Restoration Project Mania (Filmoteka Narodowa)
MANIA. THE HISTORY OF A CIGARETTE FACTORY WORKER 
Head of the Digital Restoration at Filmoteka Narodowa (National Film Archive)
Mania was acquired from a Czech collector and added to the archives of Filmoteka Narodowa (National Film Archive) in 2006. The film was chosen for full reconstruction because of its advanced deterioration. The film largely lacked perforation, contained a number of old and thick overlap connections and had shrunk in places.
The first stage of reconstruction consisted in restoring the tape. Before it could be scanned, we conducted a manual reconstruction - we disconnected all the connections; where possible, we also restored the perforations. We mechanically removed all dirt from the tape. Then the tape was divided into segments and scanned with a specialist scanner designed specifically for old movie tapes. In general, there are two ways of scanning film tapes: "dry" and "wet". We usually begin by "dry scanning" the tape, avoiding any damage to its delicate structure. Then we test whether the tape is suitable for "wet scanning". In the case of Mania, it was. The method involves covering the tape with immersive liquid, which spreads across both sides, reducing light refraction at the meeting point of the liquid and the (emulsion) surface of the scanner as the tape is moved through the machine, which makes tiny imperfections invisible. Working on such specialist equipment - the first of its kind in Poland and one of three in the world - makes us feel like pioneers in the modern technology of digitalising damaged movie tapes. Every scanned frame of the movie was treated as a separate photo. The 87 000 frames of Mania were recorded in DPX (Digital Picture Exchange) format before being sent for reconstruction, montage, conforming and colour correction.
During the digital reconstruction process, each shot is analysed by a program containing film stabilisation and tape shake removal tools. This way we can restore the picture to its original stability - that from the camera. During the next stage we remove specks of dust, and stabilise the connection points and cracks. In places where larger parts of a frame are lost, we interpolate, using the picture from neighbouring frames to fill in the gaps. The most common distortions of the tape that we encounter are scratches: horizontal (resulting from the tape getting rolled improperly) and the more troublesome vertical ("line scratch") caused by the film projector or other devices scratching the tape along its length. Such damage results in lines on the movie: white (if the damage was copied from the negative) or black (if the positive tape was mechanically damaged).
The reconstructed film material then undergoes density correction (for black and white movies) and colour correction (for colour movies). The density correction gives the film the right saturation and optical density of black and white. Prepared this way, the film material undergoes "line montage" which examines how the scenes should be ordered in the completed movie. By collaborating with movie experts, and using source material (such as subtitles) we can restore the movie to its proper chronology. Fortunately, the copy of Mania had not been fragmented, so we didn't have the problem with shots being out of order.

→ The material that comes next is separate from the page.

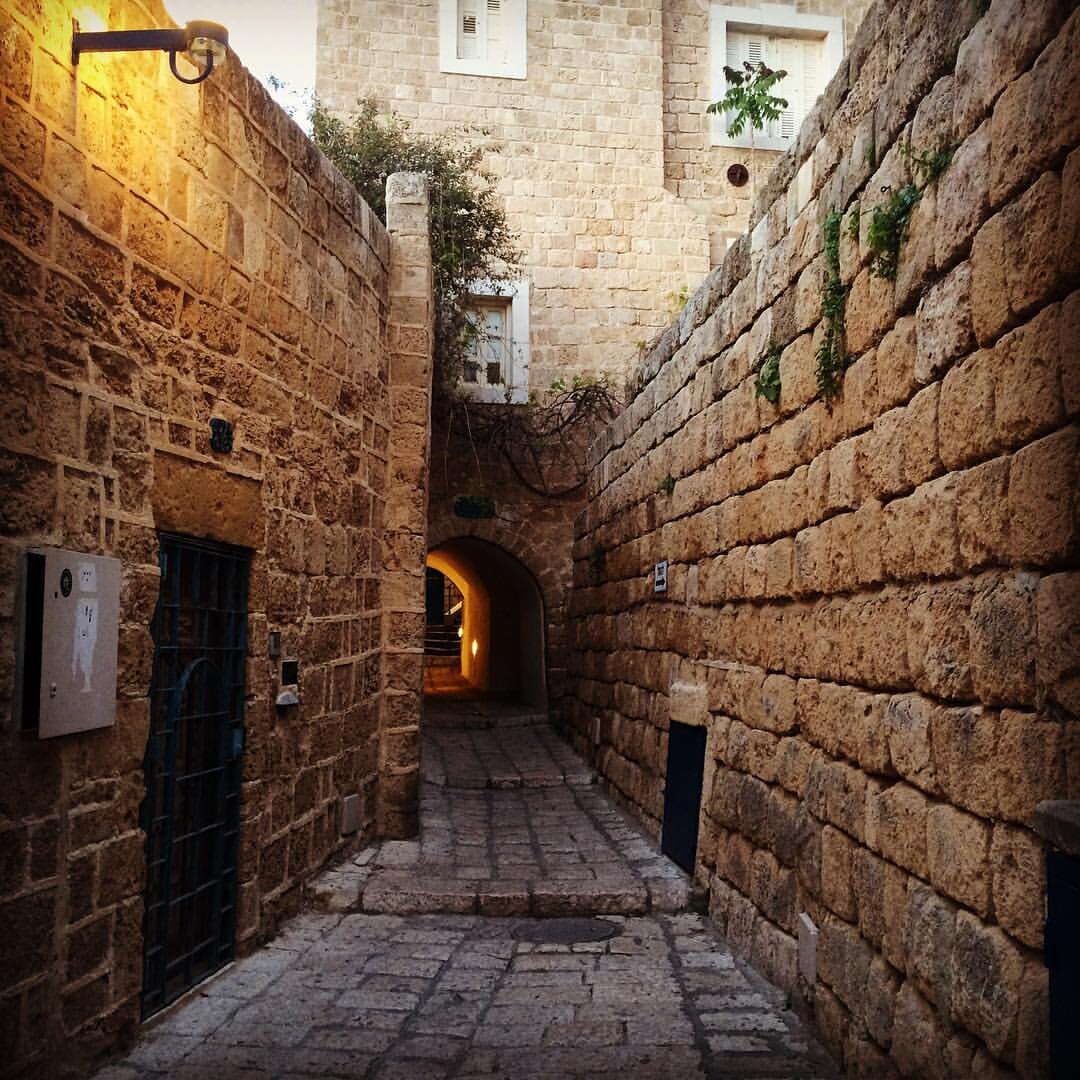 дербент крепость 2022. самарканд дворец. мечети и узкие улочки древних городов. каир старый город. древний город в дагестане дербент.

Finally, the "closing process" takes place - a template copy of the movie is created. This is done with DI (Digital Intermediate) technology, involving processing of the picture through digital methods. As a result, we obtain a digital copy on popular data storage devices, such as Betacam digital, HDCAM, HDCAM SR and a copy for digital movies, so called "DCP" (Digital Cinema Package). After being digitally secured on storage devices meant for use in cinemas, TV and Internet, a separate copy in DPX format is made for archive storage. The picture considered the template, containing both the negative and positive of the movie, returns on the tape - this time non-flammable. So, after a long process (digitalisation, reconstruction, density and colour correction) the movie is subject to cutting edge 4K+ laser technology, which puts every frame back on the tape. This in short is how the painstaking process of digital reconstruction of the movie Mania looked. Taking into account that the film was thought lost for years and that the copy belonging to Filmoteka Narodowa (National Film Archive) is probably the only one still existing, we believe that by using the newest digital technology we have restored a work from almost a hundred years ago. This is symbolic of the contribution that Filmoteka Narodowa (National Film Archive) has in one of the most important tasks of the United Europe, which is the preservation of its cultural heritage.